Work order: Your copy should repeat each record exactly and contain none of the pictures.

Data records:
------------

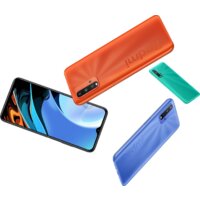 Xiaomi Redmi 9T 6GB/128GB (угольно-серый) Image #6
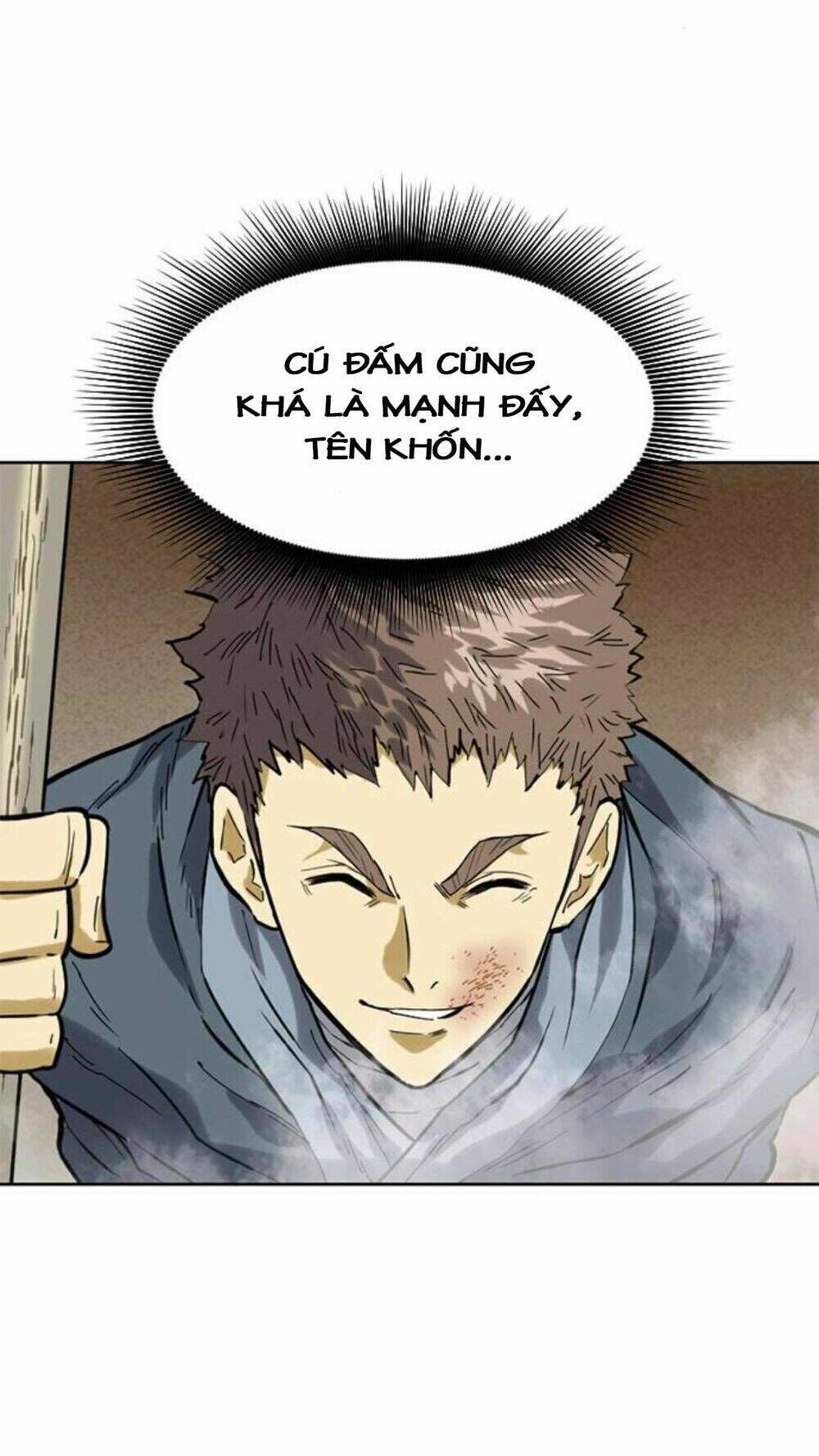 thiên hạ đệ nhất nhân chapter 18 - Trang 2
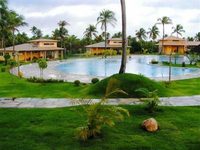 Lagoa Eco Resort Tibau do Sul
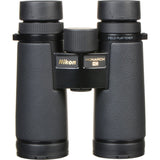 Nikon Monarch HG 8x42 Binocular, Black (16027)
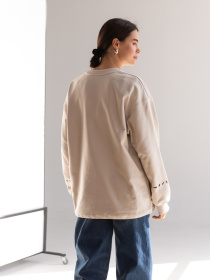 Свитшот FROMUS модель 2556-57 Фото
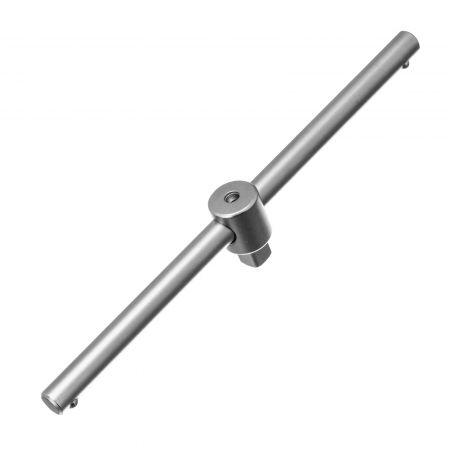 Вороток, 200 мм, квадрат 3/8", CrV Stels Вороток, 200 мм, квадрат 3/8", CrV Stels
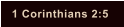 1 Corinthians 2:5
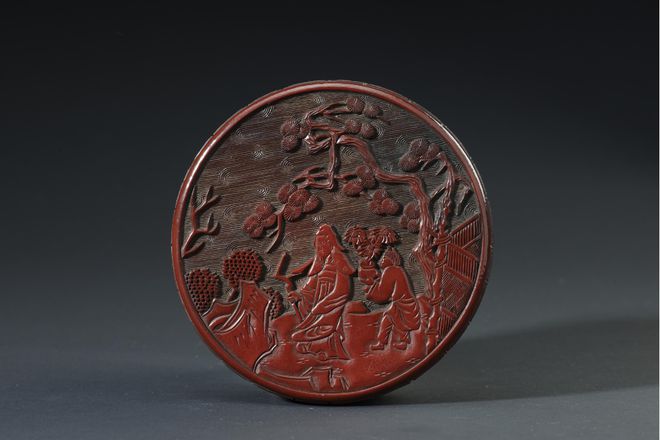 上博2024呈现18场特展:三星堆、埃及考古文物都会来(图18) 上博2024呈现18场特展:三星堆、埃及考古文物都会来(图18)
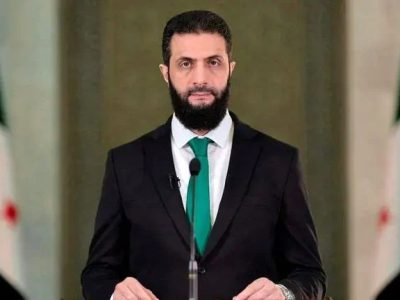 جولانی از دمشق فرار کرده است/ اسرائیل می توانست او را هدف بگیرد اما فعلا نمی خواهد وی را از بین ببرد/ رژیم صهیونیستی به حدود ۱۰ کیلومتری پایتخت سوریه رسیده است/ ویدئو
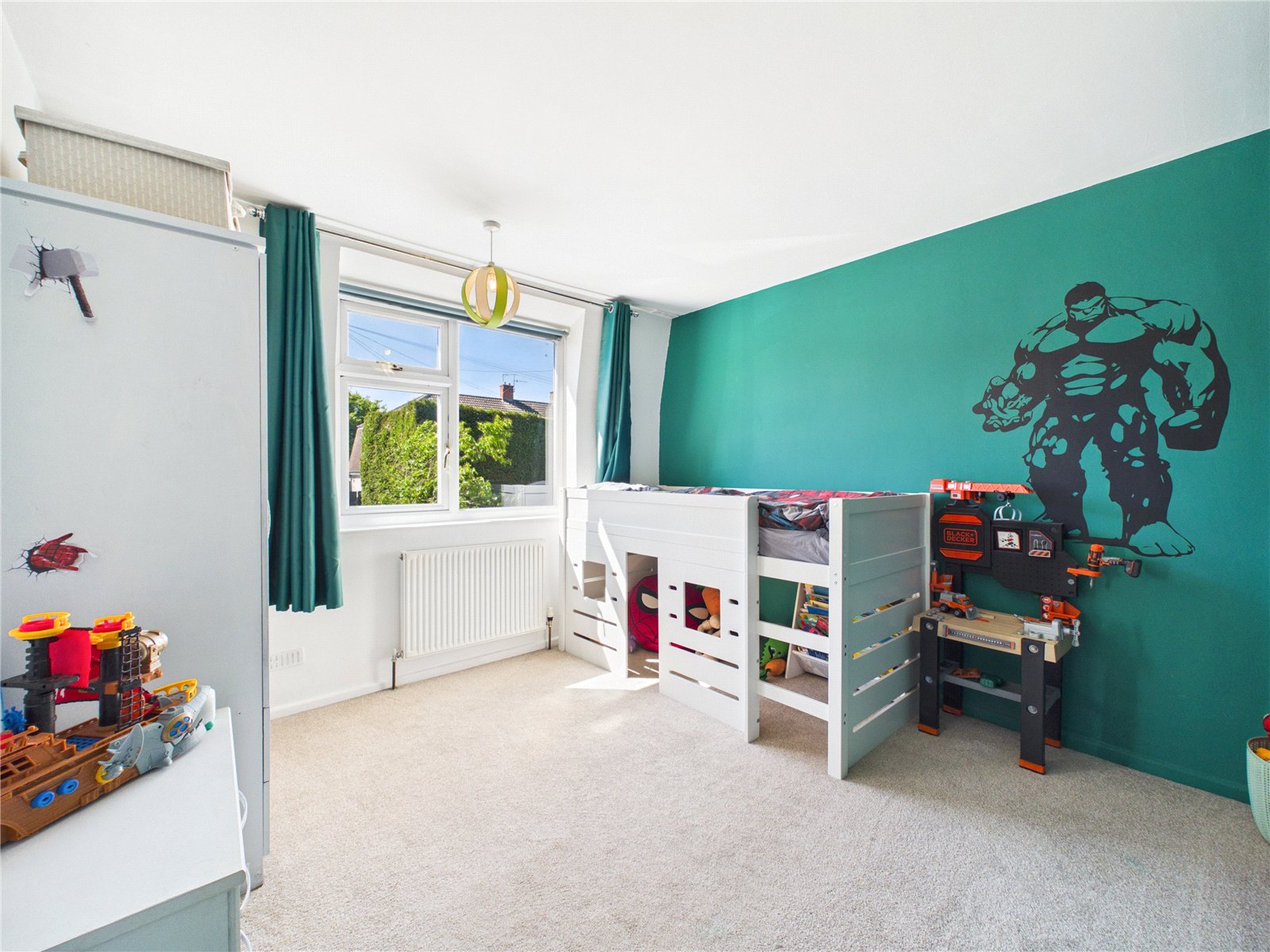 3 bedroom House for sale in Bristol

------------

Exercise solution:
 Xiaomi Redmi 9T 6GB/128GB (угольно-серый) Image #6
 thiên hạ đệ nhất nhân chapter 18 - Trang 2
 Lagoa Eco Resort Tibau do Sul
 Nikon Monarch HG 8x42 Binocular, Black (16027)
 Свитшот FROMUS модель 2556-57 Фото
 Вороток, 200 мм, квадрат 3/8", CrV Stels Вороток, 200 мм, квадрат 3/8", CrV Stels
 1 Corinthians 2:5
 上博2024呈现18场特展:三星堆、埃及考古文物都会来(图18) 上博2024呈现18场特展:三星堆、埃及考古文物都会来(图18)
 جولانی از دمشق فرار کرده است/ اسرائیل می توانست او را هدف بگیرد اما فعلا نمی خواهد وی را از بین ببرد/ رژیم صهیونیستی به حدود ۱۰ کیلومتری پایتخت سوریه رسیده است/ ویدئو
 3 bedroom House for sale in Bristol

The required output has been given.